I had yet to identify myself with any group, in regards to sexual orientation… perhaps the main reason being I was not sure of which I belonged. I had never had a sexual partner and, although I certainly was physically aroused by individuals and even fantasized about sexual acts with them at times, their gender was never a factor. I have always loved and been loved by many, and although at times it could have easily ended up in a physical relationship… it never has.
MY LOVER’S LOVE
I hesitate to say this,
for not all will understand,
but I’ve known a thousand lovers,
since the fire first began.
Their gender, age, and color
never mattered much to me,
it was always in the moment,
that our love would come to be.
But in time the flames would falter,
as fires always do,
for passion cannot feed itself,
the lover it consumes.
The flames died out some time ago,
I don’t remember where or when,
and I’ve been coasting on the memories,
hoping just to reach the end.
But something strange is happening…
some might say I’ve lost my mind.
For a new fire now is burning,
but it seems a different kind.
My bed no more is empty,
for I lay at my Lover’s side,
and when morning’s light has broken,
I no longer try to hide.
For the flames that once consumed me,
are now beginning to refine,
and that person I’d forgotten
I now desire to be mine.
I am the Lover of my Love…
my Lover’s Love am I.
In other words, I guess I would classify myself as bisexual in orientation… however I am getting away from the point. I discovered that many of the single teachers and staff at Rehoboth were living alternative sexual lifestyles… and it took a while for me to accept this fact because they were really neat people. Never, that I am aware of, did any of them ever attempt to abuse or try to influence the students in any negative way and some were even great foster parents. They were dedicated Christians who cared and loved the students as much and maybe even more than some of the more conservative missionary staff whose goal it seemed was to hammer and chisel away on the character of the students until they fit into the school’s mold.

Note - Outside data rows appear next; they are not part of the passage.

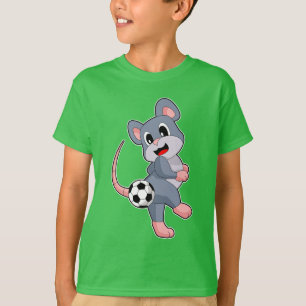 Camiseta Jogador de futebol de rato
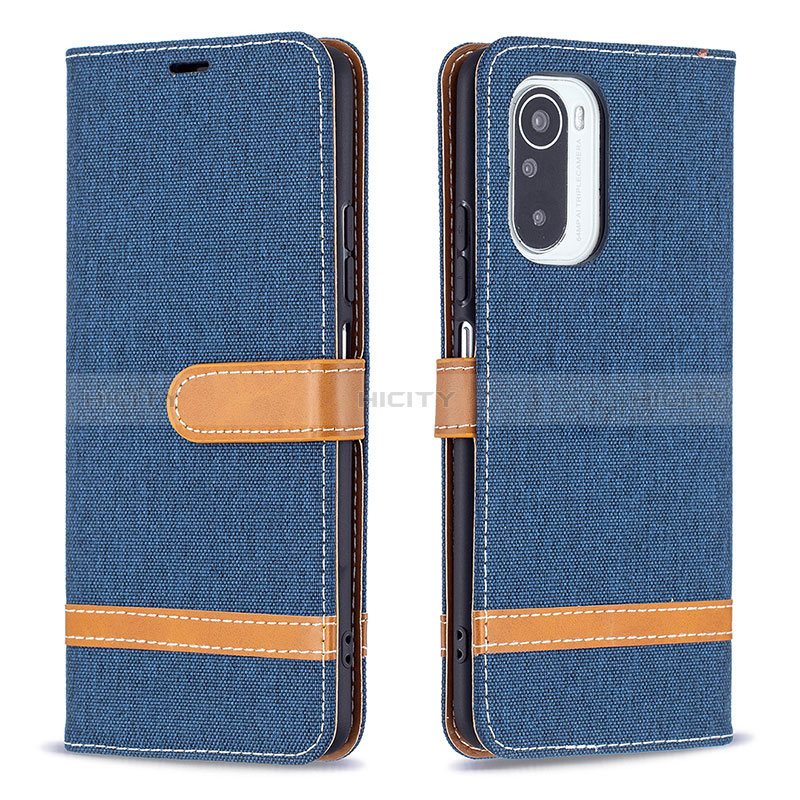 Coque Portefeuille Livre Cuir Etui Clapet B16F pour Xiaomi Redmi K40 5G Plus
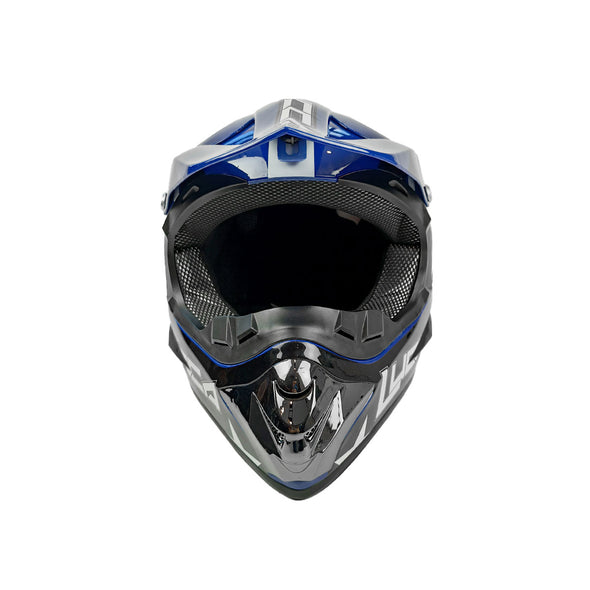 Kids Motocross Helmet - Lucca Blue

Because homosexuality and marital difficulties on the mission field are not considered acceptable behavior by donor churches, frustrations and guilt often lead to pornography, pedophilia, and, for those couples pretending to be happily married, spouse and child abuse or extramarital affairs. This happens far more than is reported and is usually covered up, for fear of losing support.
Over the years I have come to know many gay and lesbian individuals, most of whom are committed to their work far more than married individuals can be. They are the teachers, the healers, the innovators, and the stay-until-the-the-job-is-done people that have always been there in time of need. How unfortunate that the ones doing much of the real work must hide their identities from those who fund the programs… and whose lifestyles are never in question.